(TASK GOAL):
Retype exactly what appears below from the line containing "Tom Tailor Kinder" down to the line containing "Full view of", keeping both end lines. Do not include pictures.

(EXTRACTED DATA):
-- -- --

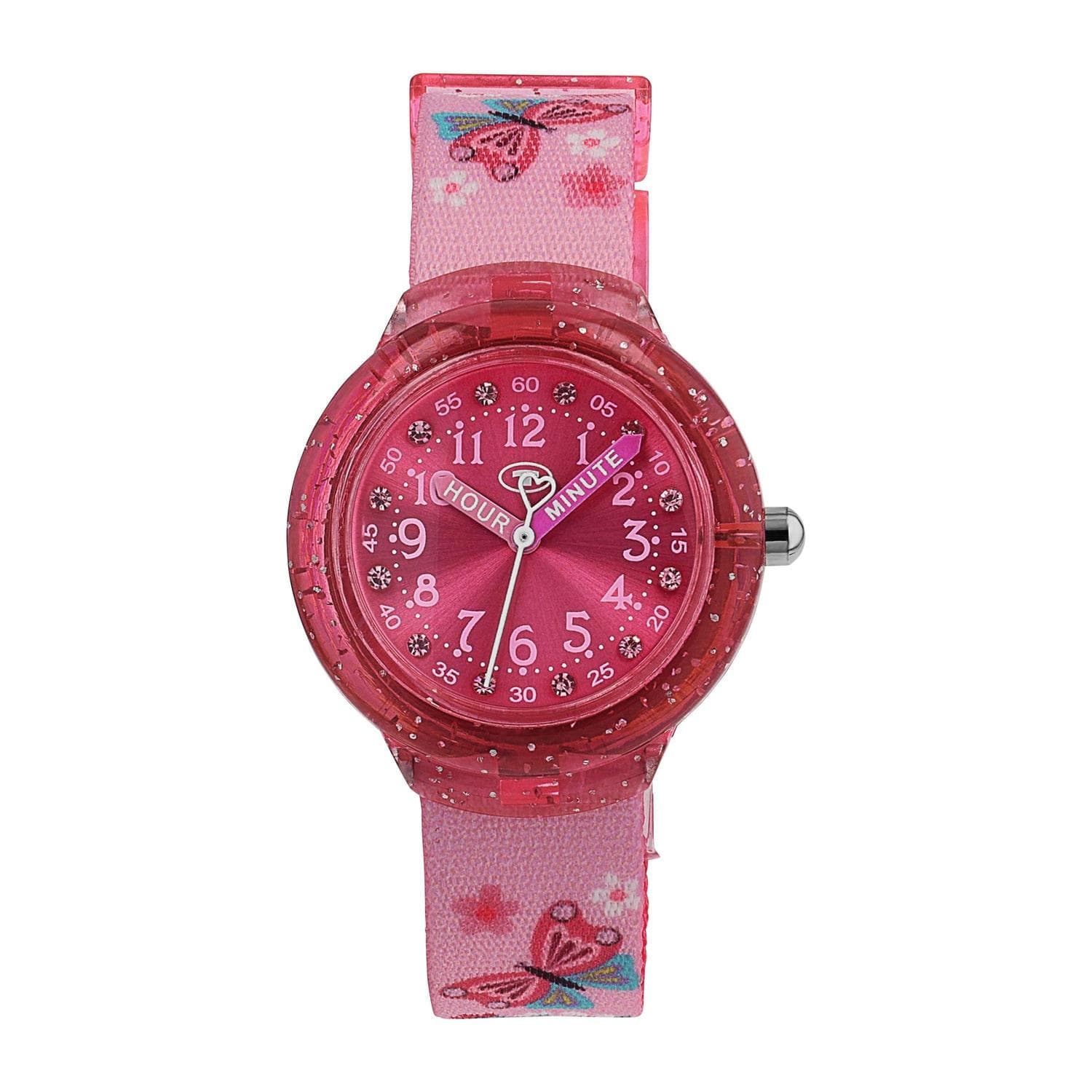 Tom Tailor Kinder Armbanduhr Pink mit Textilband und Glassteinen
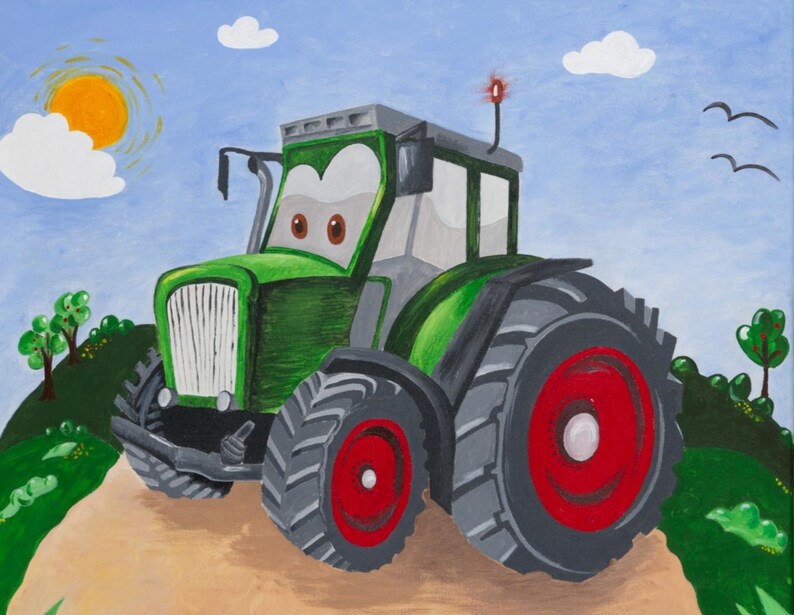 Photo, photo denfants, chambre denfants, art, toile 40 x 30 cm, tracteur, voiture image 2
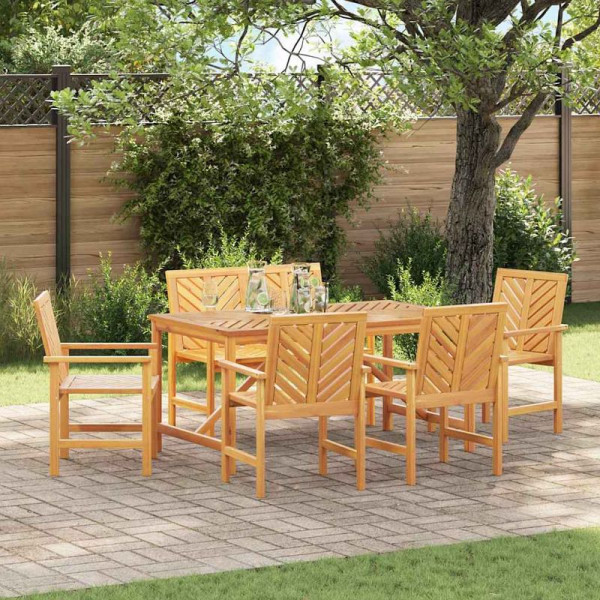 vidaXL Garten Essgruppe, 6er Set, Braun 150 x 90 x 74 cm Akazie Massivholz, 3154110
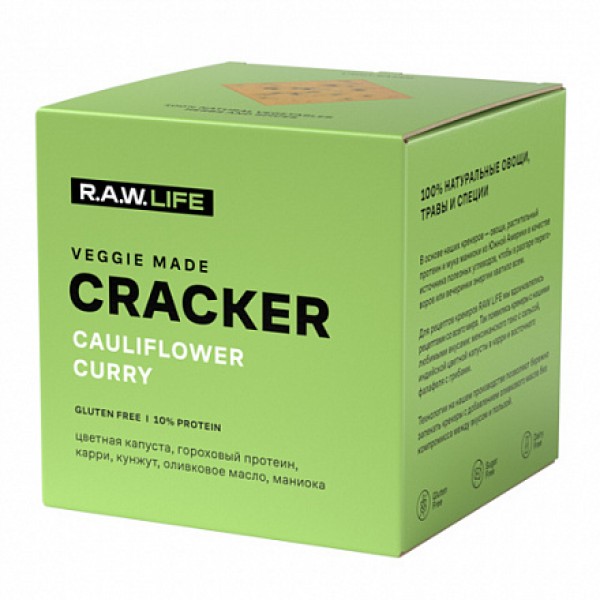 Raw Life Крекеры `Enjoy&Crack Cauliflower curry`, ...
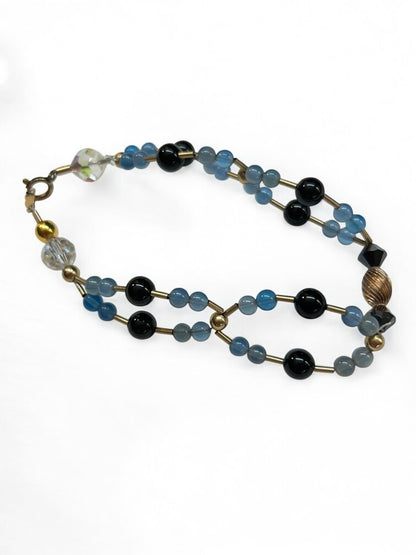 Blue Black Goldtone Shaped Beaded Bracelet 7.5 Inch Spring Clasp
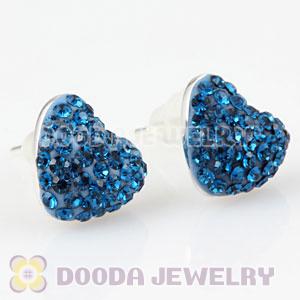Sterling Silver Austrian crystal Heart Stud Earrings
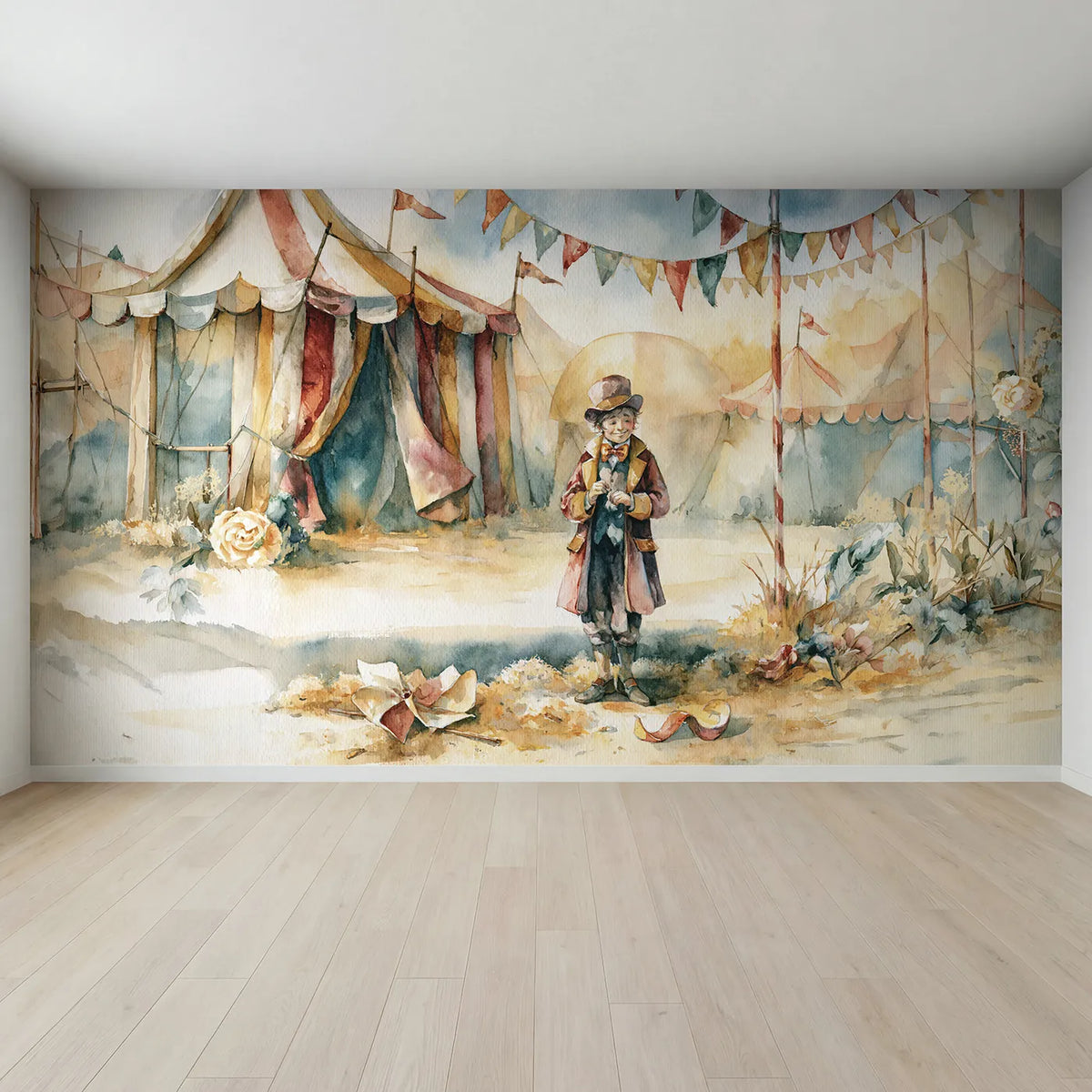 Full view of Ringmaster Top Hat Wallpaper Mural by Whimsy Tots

-- -- --

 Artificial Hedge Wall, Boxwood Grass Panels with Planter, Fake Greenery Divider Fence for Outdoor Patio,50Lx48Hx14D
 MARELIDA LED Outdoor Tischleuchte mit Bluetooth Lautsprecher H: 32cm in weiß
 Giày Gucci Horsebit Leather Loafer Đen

-- -- --

(SOLUTION TO THIS PROBLEM):
 Tom Tailor Kinder Armbanduhr Pink mit Textilband und Glassteinen
 Photo, photo denfants, chambre denfants, art, toile 40 x 30 cm, tracteur, voiture image 2
 vidaXL Garten Essgruppe, 6er Set, Braun 150 x 90 x 74 cm Akazie Massivholz, 3154110
 Raw Life Крекеры `Enjoy&Crack Cauliflower curry`, ...
 Blue Black Goldtone Shaped Beaded Bracelet 7.5 Inch Spring Clasp
Sterling Silver Austrian crystal Heart Stud Earrings
 Full view of Ringmaster Top Hat Wallpaper Mural by Whimsy Tots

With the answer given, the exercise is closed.